What to produce: Look below for the line with "garbage is a food source for rats". Retype it and every line after it to the end, exactly, but leave out the pictures.

--- Data Enclosed Below ---

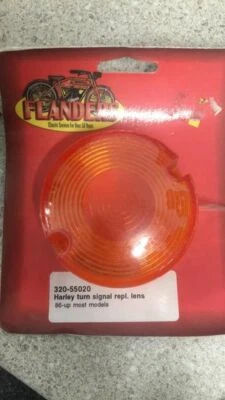 FLANDERS - 320-55020 - HARLEY TURN SIGNAL REPLACEMENT LENS. - Image 1 of 2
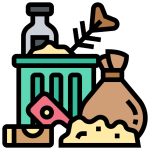 garbage is a food source for rats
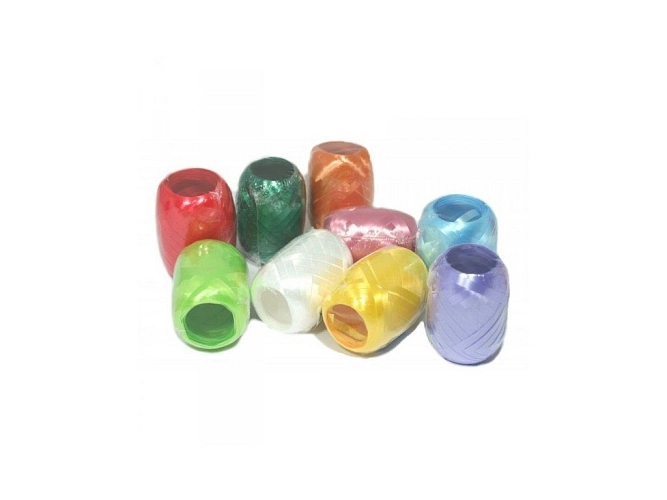 Stuha - klubíčko hladká 5mm x 20m mix barev - 1 ks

--- End of Enclosed Data ---

Output of the task:
 garbage is a food source for rats
 Stuha - klubíčko hladká 5mm x 20m mix barev - 1 ks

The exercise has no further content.